I know that it isn't for everyone, but I am definitely partial to abstract art. I can appreciate an inventive interpretation of landscape, or the skill required to paint a realistic reproduction of a particular space, or face, or place, but I'm not affected by skill. And the helter-skelter plastic quality of something like surrealism (Dali, for example) just seems so artificial and forced to me. I don't want a painting to appear to be absolutely dripping with significance, I want it just... dripping. I want to get the sense that the artist was full of sensation when he (or she) painted a certain piece, like he was overflowing with feeling--rage, lust, sadness, passion, anything! I've always been an emotional person, and I generally judge a painting based on whether or not it stirs me in some way--it's a very subjective experience.

(1946-H)

(1947)

(1947-J)

(1953)

I had originally arranged the various paintings in this post according to vague aesthetic matchy-matchy color-coordination, but the more I looked at the paintings the more I realized they had to go in chronological order (that's what happens when you have a fly-off-the-seat-of-your-pants approach to blogging--and life). I like the earlier paintings (from the forties and early fifties) best, and although I still like his late-fifties-early-sixties work, it is undeniably different. The lines are sharper, more jagged, more boxy--even the colors are harder and appear to have less depth.

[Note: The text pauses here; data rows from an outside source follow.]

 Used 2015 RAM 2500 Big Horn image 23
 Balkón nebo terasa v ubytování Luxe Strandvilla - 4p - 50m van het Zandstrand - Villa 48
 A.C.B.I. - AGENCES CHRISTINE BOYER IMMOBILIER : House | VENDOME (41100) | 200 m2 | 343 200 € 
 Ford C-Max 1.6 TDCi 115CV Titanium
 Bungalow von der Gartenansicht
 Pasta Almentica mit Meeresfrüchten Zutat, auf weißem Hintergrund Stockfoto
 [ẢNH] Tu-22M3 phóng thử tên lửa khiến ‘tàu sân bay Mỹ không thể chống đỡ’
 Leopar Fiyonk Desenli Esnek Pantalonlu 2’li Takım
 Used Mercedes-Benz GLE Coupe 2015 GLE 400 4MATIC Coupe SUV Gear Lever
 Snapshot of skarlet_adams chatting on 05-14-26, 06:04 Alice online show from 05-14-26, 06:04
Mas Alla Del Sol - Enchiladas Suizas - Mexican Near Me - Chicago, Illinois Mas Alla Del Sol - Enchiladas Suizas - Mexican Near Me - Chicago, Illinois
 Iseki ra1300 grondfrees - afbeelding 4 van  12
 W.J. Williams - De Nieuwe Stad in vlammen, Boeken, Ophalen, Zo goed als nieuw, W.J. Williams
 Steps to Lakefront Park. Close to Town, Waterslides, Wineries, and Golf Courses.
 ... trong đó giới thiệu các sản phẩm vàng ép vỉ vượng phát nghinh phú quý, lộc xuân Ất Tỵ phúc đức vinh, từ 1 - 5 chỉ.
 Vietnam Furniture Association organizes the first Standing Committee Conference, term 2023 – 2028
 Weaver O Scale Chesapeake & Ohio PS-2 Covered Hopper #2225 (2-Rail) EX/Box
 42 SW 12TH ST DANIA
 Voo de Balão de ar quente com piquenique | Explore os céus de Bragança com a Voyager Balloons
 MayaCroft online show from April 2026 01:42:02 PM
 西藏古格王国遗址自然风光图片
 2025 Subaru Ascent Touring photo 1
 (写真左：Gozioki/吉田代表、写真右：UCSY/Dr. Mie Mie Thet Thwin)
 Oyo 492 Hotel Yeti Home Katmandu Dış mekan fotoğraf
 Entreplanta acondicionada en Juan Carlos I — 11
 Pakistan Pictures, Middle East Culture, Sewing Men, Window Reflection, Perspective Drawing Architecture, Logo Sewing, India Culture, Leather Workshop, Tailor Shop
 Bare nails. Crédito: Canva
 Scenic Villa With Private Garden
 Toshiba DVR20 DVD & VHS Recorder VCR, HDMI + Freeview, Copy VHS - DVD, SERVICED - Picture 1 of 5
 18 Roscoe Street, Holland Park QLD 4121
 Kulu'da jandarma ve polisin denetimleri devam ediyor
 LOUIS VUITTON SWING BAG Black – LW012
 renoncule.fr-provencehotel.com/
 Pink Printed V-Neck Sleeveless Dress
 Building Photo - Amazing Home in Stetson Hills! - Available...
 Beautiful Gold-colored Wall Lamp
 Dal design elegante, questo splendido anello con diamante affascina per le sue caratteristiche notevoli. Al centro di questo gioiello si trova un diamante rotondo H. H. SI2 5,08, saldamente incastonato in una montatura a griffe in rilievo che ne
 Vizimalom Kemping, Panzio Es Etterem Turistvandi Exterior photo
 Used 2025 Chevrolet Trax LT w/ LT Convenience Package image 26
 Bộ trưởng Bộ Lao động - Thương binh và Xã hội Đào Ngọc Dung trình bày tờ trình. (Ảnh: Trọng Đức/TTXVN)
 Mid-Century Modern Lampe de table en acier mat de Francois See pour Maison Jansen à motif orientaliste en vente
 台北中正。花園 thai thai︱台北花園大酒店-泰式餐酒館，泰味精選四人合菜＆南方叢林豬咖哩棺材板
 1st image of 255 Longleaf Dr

Of course, because I'm nosy and like to know other people's business, I wonder if this stylistic shift was inspired by a change in feeling or an attempt by Still to plagiarize his own style because it had become popular (and therefore stunting and stilting it). Perhaps we'll never know, but I kind of doubt it he was forcing anything. According to the scant research I did about him on the interweb, he was a rather fiesty and entirely unpretentious fellow who scorned those who wished to assign meaning to his work. He said, "each painting is an episode in a personal history, an entry in a journal." This indicates that his work was merely a beautiful reflection of his internal landscape, the mark of a truly great artist (in my opinion). Maybe the sharper, angrier lines in his later work surfaced from a frustration with those flailing critics who desperately hoped to tuck him safely into a box that so that they could analyze and understand him:

(1955-H)

(1957)

(1960)

(1964)

Maybe in trying to understand the transformation of his style, I'm just as bad as the rest of them :) What are your thoughts on Mr. Still? Do you like his work? Are you indifferent? How do you determine what you consider "good art?" Is there such a thing? Is passion enough?

"It's intolerable to be stopped by a frame's edge." (Clyfford Still)

1 comment:

  1. Oh thanks! I didn't know his work at all, but I love it! Good art for me is something that communicates- but that can be either in an intellectual or visual sense. I also love Richard Diebenkorn's 'abstract' suburban landscapes, and I had such a visceral reaction to first seeing them in person. I think I might actual prefer the flatness of these in reproduction- gotta see if there are any books out there!
    Found your site on weardrobe- nice stuff!